I let that sit for a moment, then turned to look at both Damien and Cole directly.
"Neither of you touches her. Not tonight. Not until she's given us what we need. Am I clear?"
Both of them glanced past me to Caden.
Caden, who was moving silently through the trees ahead, didn't look back.
His silence was answer enough.
"She's close," Eli said quietly. His vampire senses cut through the dark like a blade, blood called to him the way a compass needle finds north. "The scent is stronger."
"We won't hurt her," Cole said, which from Cole was approximately the same as a promise. "We'll just catch her."
We pushed deeper.
The Illinois woods closed around us, dense, dark, the kind of quiet that swallows sound. Dead leaves under our boots. Bare branches overhead cutting the sky into pieces. Then
"There." Eli's voice. Flat. Certain.
Ahead through the trees, a figure.
A woman in a shredded off-white gown, staggering forward through the undergrowth. Her hair hung in dark, matted ropes down her back. Her arms were cut, her feet bare against the frozen ground. Every step looked like a negotiation between her body and her will, and her body was losing.
But she didn't stop.
Even now, she didn't stop.
We closed the distance fast.
Too fast for her.
She caught her foot on a buried root and went down hard, face-first into the dirt, arms barely getting up in time to break the fall. The impact was brutal. She lay still for one breathless moment.
"Did you really think you could run?" Damien called out, stepping forward, his voice carrying that particular edge of someone who's enjoying himself. "After everything we paid?"
Cole moved past him and crouched beside her. "Let's see what twenty billion dollars looks like up close."
He gripped her shoulder and turned her over.

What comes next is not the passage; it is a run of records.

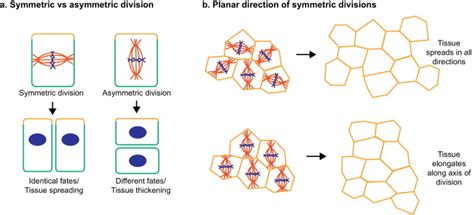 Oriented Divisions In Epithelia A In Polarized Epithelial Cells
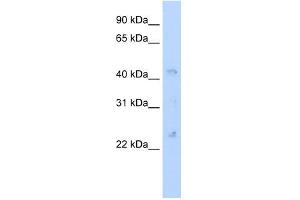 Gja4 antibody (20R-1255) used at 0. (GJA4 Antikörper  (N-Term))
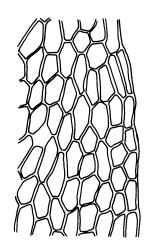 Tayloria octoblepharum, upper laminal cells at margin. Drawn from A.J. Fife 8234, CHR 439180.
 Image: R.C. Wagstaff © Landcare Research 2015 
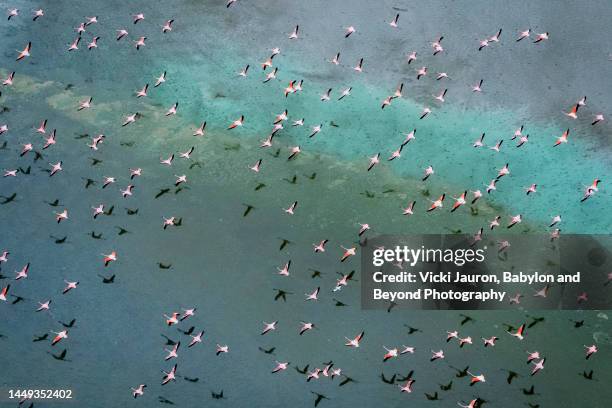 large flock of flamingos flying against colorful background at lake magadi - paisaje espectacular fotografías e imágenes de stock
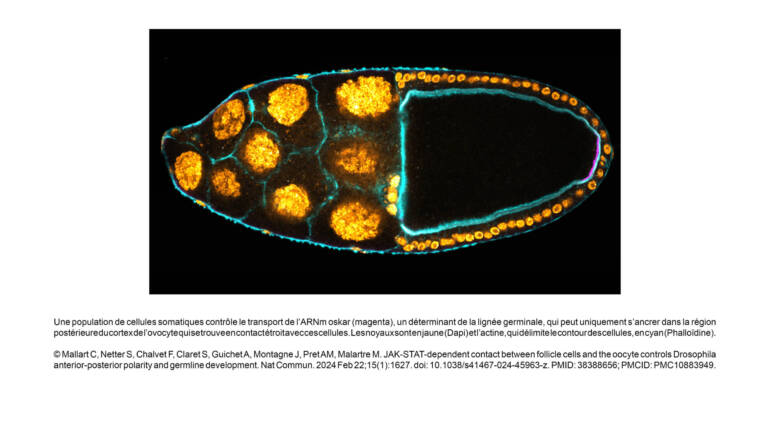 JAK-STAT-dependent contact between follicle cells and the oocyte controls Drosophila anterior-posterior polarity and germline development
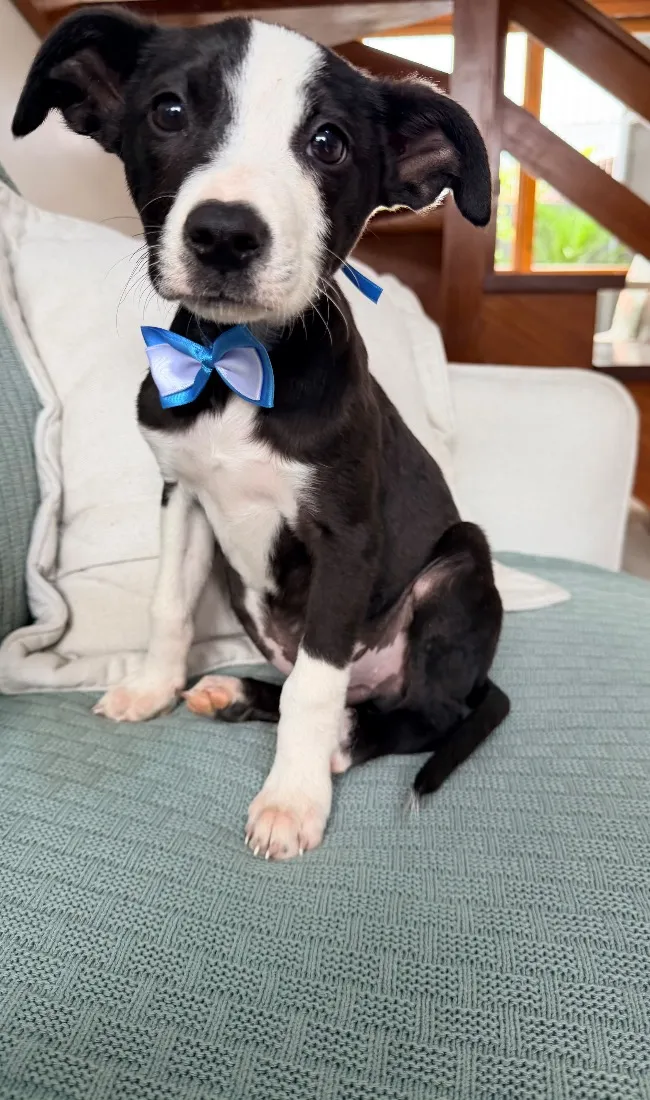 Cachorro raça SRD-ViraLata idade 2 a 6 meses nome Thor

She was a wreck. Dirt-streaked face, hair plastered across her cheeks, a cut along her jaw still bleeding. Her gown was in pieces.
Cole brushed the hair from her face with one rough hand.
And then nobody moved.
Nobody spoke.
The woods went absolutely silent.
Her eyes opened slowly, dazed, exhausted, but focused. And they moved across our faces one by one, with a recognition that hit me like a fist to the sternum.
She knew us.
And we knew her.
Every nerve in my body locked up.
No.
It wasn't possible. It couldn't be possible. We had buried this. Moved past it. Built entire walls around it and never looked back.
But there she was.
The girl from six years ago.
Not a memory. Not a ghost.
Flesh and blood and eyes that had every reason in the world to hate us. Lying at our feet.